Not only are events in D.C. exemplary of what makes Trump so dangerous, they’re also an escalation of a path that the president had already embarked on, given his previous deployment of Marines and federalized National Guard troops to Los Angeles. The president himself has made clear that the dispatch of troops to Washington, D.C. is a template for future military missions to other cities. On top of this, there’s the obvious point that the nation’s capital is involved, with both symbolic and practical resonance. As others have pointed out, Washington, D.C. is our primary city for national protests, the one place more than any other that Americans go to to make their collective voice heard. The D.C. clampdown is an obvious attempt to crush Americans’ single biggest megaphone.
Taking a broader view, the D.C. deployments amplify Donald Trump’s attempts to portray the United States as under siege by implacably violent criminals and foreign invaders. This fiction is central to his claimed right to act as a de facto dictator dispensing whatever violence is necessary on whomever he deems deserving. The deployments, in turn, epitomize the heavy-handed and authoritarian response he prescribes for this supposed attack on America. Since his mistreatment of D.C. is so central to the story Trump wants to tell about the U.S. and his fraudulent solutions, opponents would be foolish not to see the deployments as an opportunity to call out and contest the president’s twisted view of the country.
So if what’s happening in D.C. is worth taking a stand on, then how should opponents of MAGA convey its importance to the public, maximize the possibility of a backlash, and ensure it advances the larger battle against this reactionary presidency?
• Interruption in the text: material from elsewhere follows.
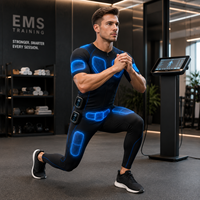 Ensemble de yoga EMS sans fil intelligent pour hommes, 7 zones, double contrôleur, pulvérisation d'eau, combinaison d'entraînement par impulsions, tenue de sport, application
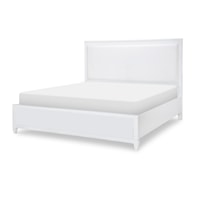 Contemporary King Panel Bed with Upholstered Headboard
First, we should be sure to talk about Trump’s offenses as part of a larger, comprehensive story of his authoritarianism, lawlessness, and unfitness for office. On this score, D.C. is a tragically prime candidate for such framing. What we’re seeing in the nation’s capital echoes similar authoritarian deployments to Los Angeles on false pretenses (extreme lawlessness and mayhem), and apparent plans for more of the same in New York, Chicago, and other blue cities. This means that Democrats and others can place events in D.C. within an existing story they can tell about Donald Trump and MAGA. And it’s not just a static tale — what’s happening in D.C. is a new chapter, with the president defiling the people’s capital out of a desire to act as a violent dictator, with clear foreshadowing of more to come, possibly in your very own city. At a very basic level, failure to contest Trump’s actions in D.C. would maximize his ability to further inject MAGA propaganda into America’s bloodstream, while also blowing past red lines regarding the exercise of presidential power.
This leads to a closely related point that’s also relevant to the D.C. situation: More than ever, opponents of MAGA need to understand that this fight can’t be restricted to calling out Trump’s specific law-breaking or blatant lying, or fighting him in the courts — as important as both those approaches can be. Among other things, the federal judiciary has been severely compromised by the Supreme Court’s lawless right-wing majority, while Trump has shown himself more than willing both to ignore court rulings and to adhere to their letter while evading their spirit. In the case of D.C., the issue of whether Trump can legally or technically do what he’s doing feels beside the point: just because he might tenuously have the legal authority to take over the D.C. police and send in the National Guard pales next to the fact that his claimed basis has no relation to his true reasons for doing so. No president should send troops to an American city under false or unacceptable pretenses, full stop. Getting tripped up in his legal authority around D.C. and home rule is to lose the thread of what this fight is about.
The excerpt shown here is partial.